Distribution of ankyrin (A and C), β_H spectrin (B), and neuroglian (D) in the somatic follicle epithelium of the adult ovary. Ovaries were dissected from adult Drosophila females, fixed, permeabilized, and stained as in Figure 5. Arrows mark staining of ankyrin at lateral cell contacts (A and C), neuroglian at cell contacts (D), and β_H spectrin at the apical surface (B). Bar, 20 μm.

Figure 7

Segregation of spectrin isoforms in response to positional cues at the cell surface. (A) The uniform distribution of αβ_H spectrin (submembrane shading) at the plasma membrane of S2 cells (left) implies the presence of a constitutive β_H-specific receptor that is uniformly distributed at the cell surface. In contrast, ankyrin and αβ spectrin are found in the cytoplasm of control S2 cells (*, left), but they are recruited to sites of cell–cell contact in response to neuroglian-mediated cell adhesion (right).
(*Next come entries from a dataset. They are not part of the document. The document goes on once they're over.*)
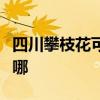 四川攀枝花可提供明基投影机维修服务地址在哪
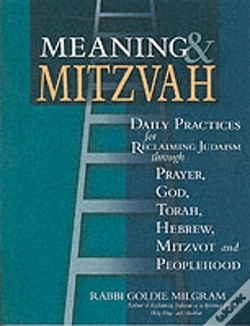 Capa do artigo MEANING AND MITZVAH
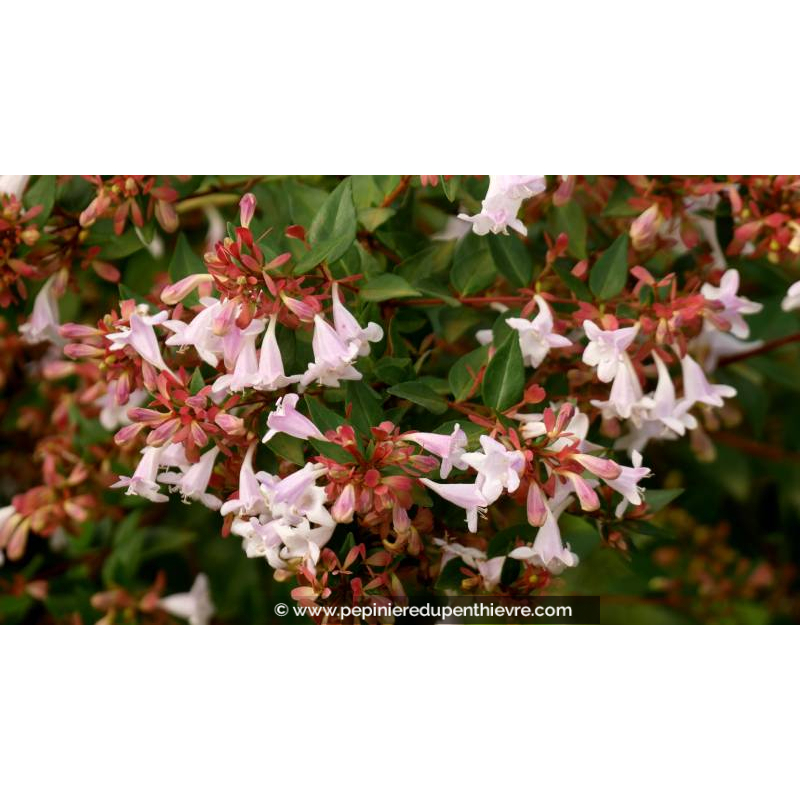 ABELIA x grandiflora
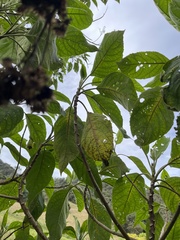Verbesina arborea, photograph (c) Nicolás Baresch Uribe, some rights reserved (CC BY)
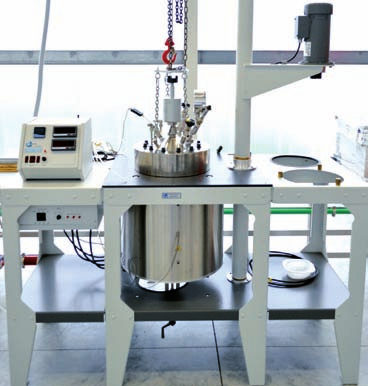 New prebiotics from biomass polysaccharides (hemicelluloses and pectins) for food and feed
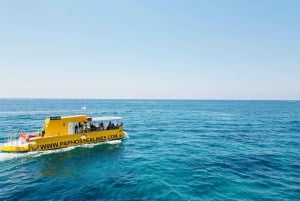 Pafos: Crucero al atardecer, observación de tortugas y bebidas ilimitadas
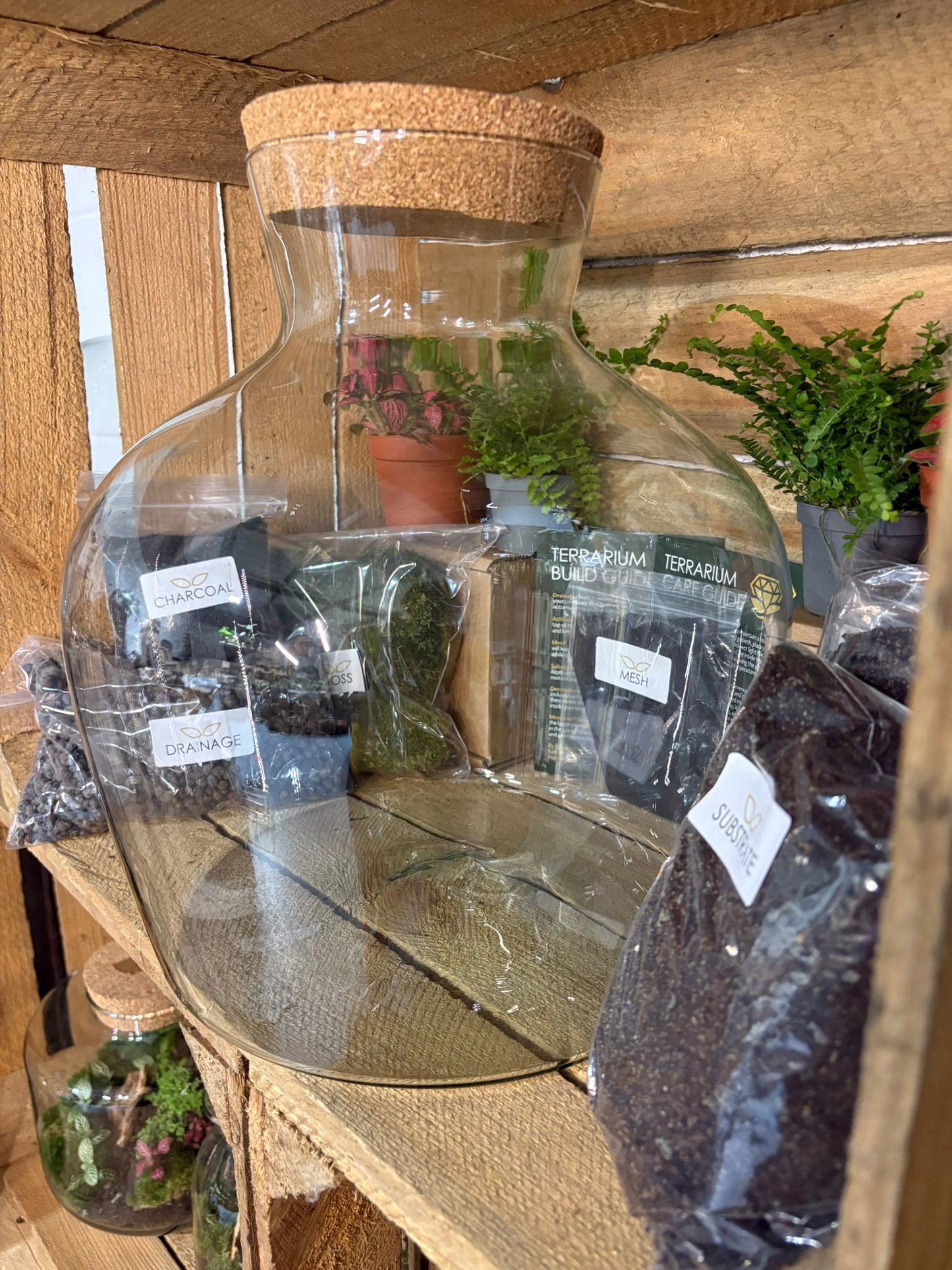 DIY Terrarium Kit - 'Matthew'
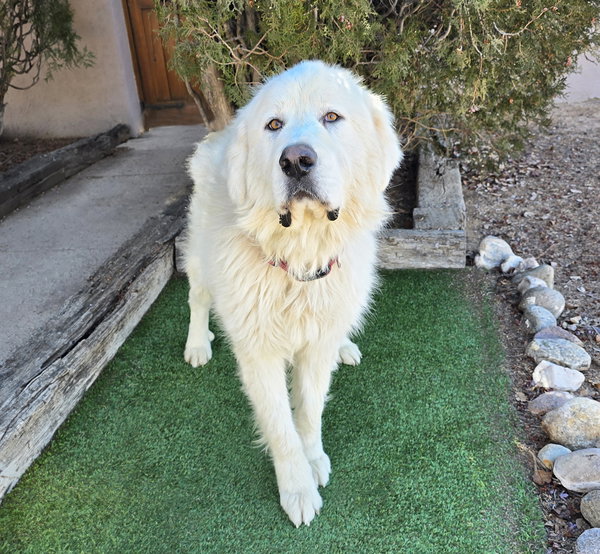 Oohlala Mr Orzo ~ House Pyr Perfection !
The Na,K-ATPase also becomes concentrated at cell contacts in response to neuroglian expression and ankyrin/αβ spectrin assembly. (B) Neuroglian, ankyrin, αβ spectrin, and Na,K-ATPase are concentrated at sites of cell–cell contact in the larval salivary gland epithelium, in agreement with the order of events observed in S2 cells. However, the putative αβ_H spectrin receptor is sorted apically in these polarized cells. Despite their common features (including an identical α subunit), the two spectrin isoforms respond independently to their respective membrane receptors to form segregated membrane skeleton domains.